Scalable Example Workflow¶
This demo is presented as a sequence of small steps so you can follow and run each stage independently.
The workflow demonstrates how Scalable coordinates a small integrated modeling pipeline across multiple software environments. GCAM runs first to generate a model database, a lightweight extraction step reads the needed time series from that database, and Stitches uses the extracted trajectory to build gridded climate outputs. Each stage is submitted as a normal Python function, but Scalable decides which container profile should execute it and passes results between stages as Dask futures.
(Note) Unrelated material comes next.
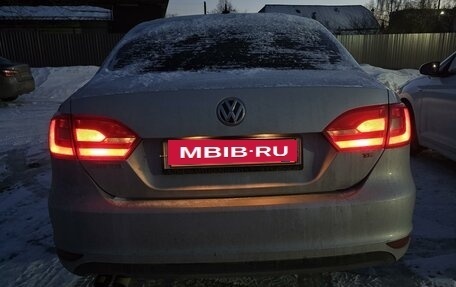 Volkswagen Jetta VI, 2011 год, 900 000 рублей, 3 фотография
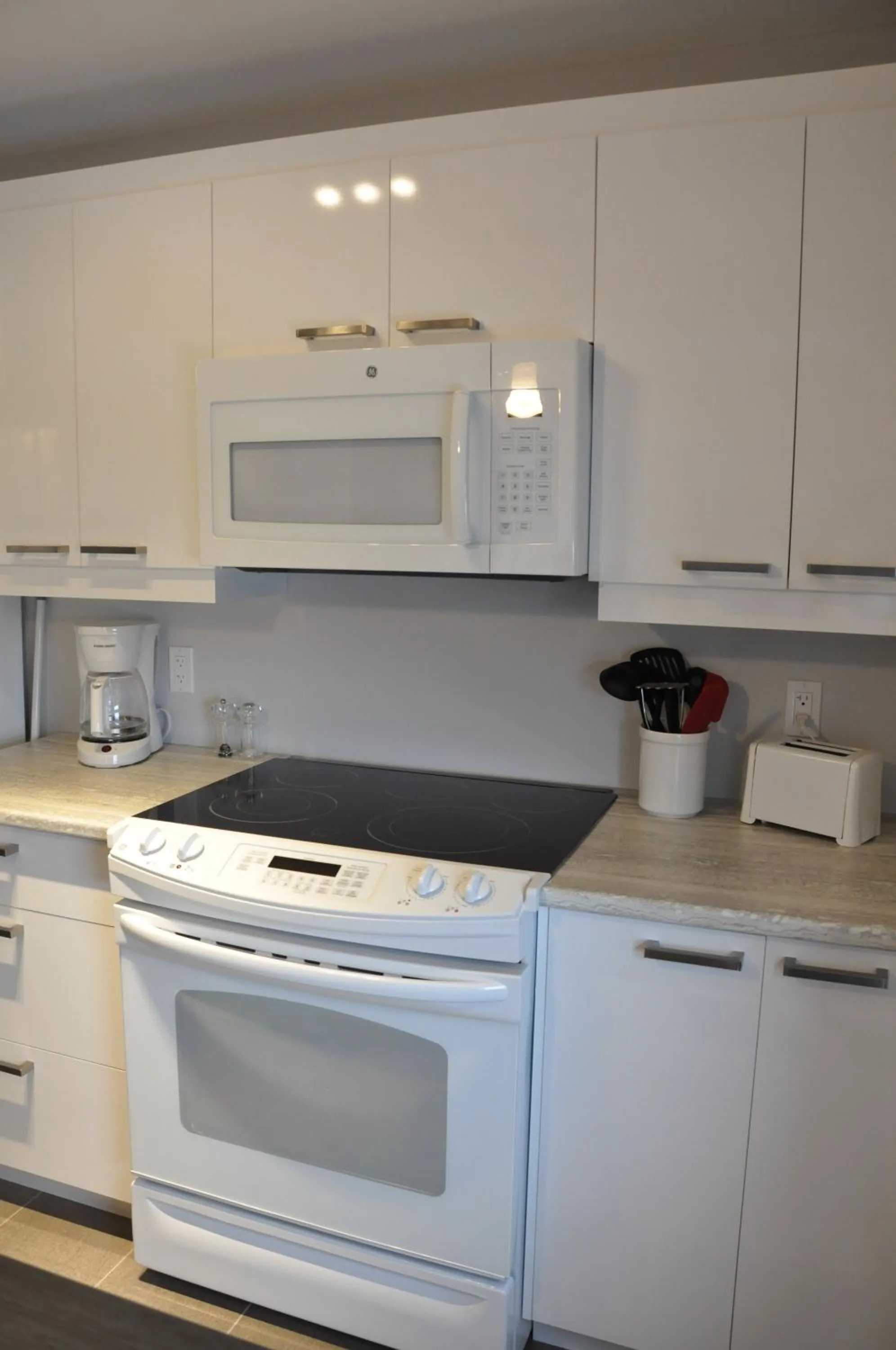 stove in Le Chic-Urbain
Step 1: Imports and logging¶
The first step imports Scalable’s public API and a few modules used by the
example functions. from scalable import * provides the cluster, client,
caching decorators, and type helpers used later in the workflow. os is used
inside worker functions for path handling, and gcam_config represents a
project-specific module that describes how GCAM configuration files should be
hashed for caching.
Logging is set to DEBUG so the example prints more information about worker
startup, task submission, container selection, and any errors that occur. During
development this is useful because HPC failures can otherwise appear as delayed
or silent worker timeouts.
from scalable import *
import logging
import os
import gcam_config
logging.basicConfig(level=logging.DEBUG)
Step 2: Create the cluster¶
The SlurmCluster object describes how Scalable should request resources from
the HPC scheduler. The queue, walltime, and account values map to the
same concepts you would normally provide in a Slurm batch script. This object
does not yet start model work; it records the scheduler settings that will be
used later when workers are added.
silence_logs=False keeps worker and scheduler output visible. That is
helpful for a tutorial because it exposes what Scalable is doing behind the
scenes, including whether workers were accepted by Slurm and whether they
connected back to the Dask scheduler.
cluster = SlurmCluster(
queue='short',
walltime='02:00:00',
account='GCIMS',
silence_logs=False,
)
Step 3: Register container profiles¶
Use one container profile per software environment. A container profile tells
Scalable which image target to use, how many CPUs and how much memory each
worker should reserve, and which host directories should be mounted inside the
container. Tags such as "gcam" and "stitches" become routing labels: when
a task is submitted with a matching tag, Scalable sends it to workers running
that environment.
Directory mappings are written as host_path: container_path. Functions that
run inside the container should use the container paths, not the original host
paths. This keeps code consistent even if the host filesystem layout differs
between local setup and the HPC system.
# GCAM can use multiple threads, so this profile reserves 6 CPUs.
cluster.add_container(
tag="gcam",
cpus=6,
memory="20G",
dirs={
"/path/to/gcam-core/exe": "/gcam-core/exe",
"/path/to/gcam-core/input": "/gcam-core/input",
"/path/to/gcam-core/output": "/gcam-core/output",
"/path/to/shared/data": "/data",
},
)
# Stitches is typically single-threaded in this workflow.
cluster.add_container(
tag="stitches",
cpus=1,
memory="50G",
dirs={"/path/to/shared/data": "/data", "/path/to/archive/data": "/archive"},
)
# Xanthos profile (not used below, shown as an additional profile example).
cluster.add_container(
tag="xanthos",
cpus=1,
memory="20G",
dirs={
"/path/to/shared/data": "/data",
"/path/to/archive/data": "/archive",
"/path/to/project/scratch": "/scratch",
},
)
Step 4: Define worker functions¶
Define each function once, then submit them in dependency order. These functions are normal Python functions, but they should import large or container-specific dependencies inside the function body. Doing so ensures imports happen on the worker inside the correct container rather than on the login node or client process.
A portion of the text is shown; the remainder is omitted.